The authors recommend longevity insurance over single premium immediate annuities (SPIAs). Retirement income experts have long debated whether retirees should put off buying immediate annuities until age 75 or so, when the payout rate (including mortality credits) is bigger than the anticipated yield from equity investments.
But the Financial Engine authors say that life annuities make more sense when purchased at a discount well before the income start date. They imply that if the discount is large enough it can overcome resistance to the drawbacks of life annuities.
“Given access to a complete [annuity] market, we find all individuals only purchase annuity contracts with a significant time gap between purchase and payout,” the study says. “At a minimum, enough time must pass between purchase and payout to build up a mortality discount sufficient to overcome the cost of creating the contract.”

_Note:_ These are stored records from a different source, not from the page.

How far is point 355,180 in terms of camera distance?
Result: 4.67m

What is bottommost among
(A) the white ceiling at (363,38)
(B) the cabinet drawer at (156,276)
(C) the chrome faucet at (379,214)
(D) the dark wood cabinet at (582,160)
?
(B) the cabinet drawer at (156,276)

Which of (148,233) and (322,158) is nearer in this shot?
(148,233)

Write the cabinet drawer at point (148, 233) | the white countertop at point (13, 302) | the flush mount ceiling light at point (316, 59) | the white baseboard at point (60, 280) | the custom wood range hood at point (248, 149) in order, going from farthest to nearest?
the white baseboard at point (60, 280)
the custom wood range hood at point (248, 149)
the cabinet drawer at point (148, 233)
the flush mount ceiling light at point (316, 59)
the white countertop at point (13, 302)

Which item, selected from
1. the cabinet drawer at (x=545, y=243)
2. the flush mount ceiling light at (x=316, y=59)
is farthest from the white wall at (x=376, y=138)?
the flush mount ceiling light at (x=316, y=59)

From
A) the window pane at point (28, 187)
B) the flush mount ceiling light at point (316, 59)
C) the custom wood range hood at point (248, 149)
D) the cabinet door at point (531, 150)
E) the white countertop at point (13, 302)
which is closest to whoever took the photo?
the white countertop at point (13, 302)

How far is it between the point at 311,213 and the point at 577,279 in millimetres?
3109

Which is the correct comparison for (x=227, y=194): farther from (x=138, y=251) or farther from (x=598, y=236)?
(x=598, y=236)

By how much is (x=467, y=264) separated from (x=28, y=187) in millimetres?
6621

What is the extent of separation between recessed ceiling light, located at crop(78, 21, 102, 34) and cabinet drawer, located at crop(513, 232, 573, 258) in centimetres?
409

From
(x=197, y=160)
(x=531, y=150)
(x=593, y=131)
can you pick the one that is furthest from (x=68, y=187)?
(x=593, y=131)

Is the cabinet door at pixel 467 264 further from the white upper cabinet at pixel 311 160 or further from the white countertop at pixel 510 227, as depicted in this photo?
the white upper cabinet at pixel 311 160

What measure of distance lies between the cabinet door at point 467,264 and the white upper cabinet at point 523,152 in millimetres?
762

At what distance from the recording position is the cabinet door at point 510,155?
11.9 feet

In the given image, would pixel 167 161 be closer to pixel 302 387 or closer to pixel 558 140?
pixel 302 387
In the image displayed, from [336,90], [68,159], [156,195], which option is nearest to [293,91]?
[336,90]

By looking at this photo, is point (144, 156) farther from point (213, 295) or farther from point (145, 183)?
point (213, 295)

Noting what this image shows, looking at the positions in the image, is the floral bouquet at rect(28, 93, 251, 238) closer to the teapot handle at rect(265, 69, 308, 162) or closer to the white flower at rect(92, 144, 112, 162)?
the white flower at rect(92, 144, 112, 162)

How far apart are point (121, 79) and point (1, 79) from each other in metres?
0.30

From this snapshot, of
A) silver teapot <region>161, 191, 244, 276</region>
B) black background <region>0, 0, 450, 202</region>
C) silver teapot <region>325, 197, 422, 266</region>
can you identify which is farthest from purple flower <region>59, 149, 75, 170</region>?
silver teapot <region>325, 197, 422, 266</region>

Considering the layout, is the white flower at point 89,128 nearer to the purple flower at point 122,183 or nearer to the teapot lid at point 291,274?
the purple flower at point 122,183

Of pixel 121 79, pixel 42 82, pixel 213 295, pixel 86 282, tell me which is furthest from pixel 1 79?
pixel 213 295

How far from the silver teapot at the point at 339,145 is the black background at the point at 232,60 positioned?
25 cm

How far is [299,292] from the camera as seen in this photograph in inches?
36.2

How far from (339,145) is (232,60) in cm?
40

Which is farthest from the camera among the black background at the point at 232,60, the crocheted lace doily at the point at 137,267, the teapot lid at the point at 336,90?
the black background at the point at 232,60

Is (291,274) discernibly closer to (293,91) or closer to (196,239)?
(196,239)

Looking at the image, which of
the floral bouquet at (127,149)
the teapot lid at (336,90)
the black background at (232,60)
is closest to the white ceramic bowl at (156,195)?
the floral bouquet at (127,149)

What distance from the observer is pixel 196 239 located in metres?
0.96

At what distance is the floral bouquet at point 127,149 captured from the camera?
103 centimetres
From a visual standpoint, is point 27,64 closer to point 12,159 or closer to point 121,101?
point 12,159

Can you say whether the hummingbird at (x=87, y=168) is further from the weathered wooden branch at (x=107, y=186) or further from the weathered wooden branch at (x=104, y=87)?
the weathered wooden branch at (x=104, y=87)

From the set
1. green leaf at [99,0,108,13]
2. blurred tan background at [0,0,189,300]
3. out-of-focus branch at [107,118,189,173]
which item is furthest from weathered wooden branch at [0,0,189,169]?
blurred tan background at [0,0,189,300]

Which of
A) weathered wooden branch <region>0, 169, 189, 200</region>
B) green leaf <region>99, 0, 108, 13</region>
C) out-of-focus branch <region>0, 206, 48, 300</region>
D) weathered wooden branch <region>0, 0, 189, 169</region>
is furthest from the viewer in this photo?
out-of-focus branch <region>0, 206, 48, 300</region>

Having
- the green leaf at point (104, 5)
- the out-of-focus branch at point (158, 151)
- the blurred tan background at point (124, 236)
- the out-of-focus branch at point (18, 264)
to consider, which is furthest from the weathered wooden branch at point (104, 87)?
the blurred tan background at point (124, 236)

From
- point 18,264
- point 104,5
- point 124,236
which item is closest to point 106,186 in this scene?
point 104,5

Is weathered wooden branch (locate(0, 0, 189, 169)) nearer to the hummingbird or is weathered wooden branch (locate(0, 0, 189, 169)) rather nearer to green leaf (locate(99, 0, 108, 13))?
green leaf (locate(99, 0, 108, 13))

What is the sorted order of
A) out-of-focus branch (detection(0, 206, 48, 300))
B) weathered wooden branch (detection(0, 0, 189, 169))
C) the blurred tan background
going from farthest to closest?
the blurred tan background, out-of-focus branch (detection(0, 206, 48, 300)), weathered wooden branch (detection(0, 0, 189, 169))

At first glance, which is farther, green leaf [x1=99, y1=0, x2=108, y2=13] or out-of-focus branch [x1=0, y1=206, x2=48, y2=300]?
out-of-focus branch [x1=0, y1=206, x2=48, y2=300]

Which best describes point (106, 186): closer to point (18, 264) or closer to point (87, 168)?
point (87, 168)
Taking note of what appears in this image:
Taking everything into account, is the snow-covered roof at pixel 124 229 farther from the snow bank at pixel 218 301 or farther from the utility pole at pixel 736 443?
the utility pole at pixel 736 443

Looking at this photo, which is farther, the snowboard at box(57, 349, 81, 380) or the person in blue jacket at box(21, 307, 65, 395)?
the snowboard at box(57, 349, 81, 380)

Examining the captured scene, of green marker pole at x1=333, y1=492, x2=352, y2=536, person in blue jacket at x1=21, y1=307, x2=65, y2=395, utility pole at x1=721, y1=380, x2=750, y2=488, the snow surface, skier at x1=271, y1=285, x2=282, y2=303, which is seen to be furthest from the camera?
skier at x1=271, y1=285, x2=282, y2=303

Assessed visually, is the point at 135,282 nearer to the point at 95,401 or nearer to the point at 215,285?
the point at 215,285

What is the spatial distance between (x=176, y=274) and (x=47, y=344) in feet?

On the basis of this, the authors assert that single-premium immediate annuities (SPIAs) are not going to play an important role in Boomer retirement. “Since most existing annuity products, such as immediate annuities, do not have this feature, few current annuity contract configurations are likely to survive significant product innovation,” they wrote.
Immediate annuities are too expensive, they argue. “The difficulty associated with writing and monitoring a survival-contingent contract suggests annuity markets will never offer actuarially fair pricing nor will they likely approach financial markets in terms of flexibility. For example, suppose an annuity market is characterized by a money’s worth percentage of 85%. For our sample cohort, survival rates don’t drop below 85% until age 77.”
Note: The “money’s worth” of an annuity is defined as the ratio of the expected discounted value of its future payments to its initial purchase price or policy premium. Money’s worth percentages are used to determine the degree to which private market annuity prices deviate from their actuarially fair value. Source: Brown, Jeffrey R., et al. The Role of Annuity Markets in Financing Retirement (MIT Press, 2001).
“In a world with costly and limited annuity products, we find that participation gains are most likely for new annuity products that focus on late-life payouts which offer a large price discount relative to their financial market analogues,” they conclude.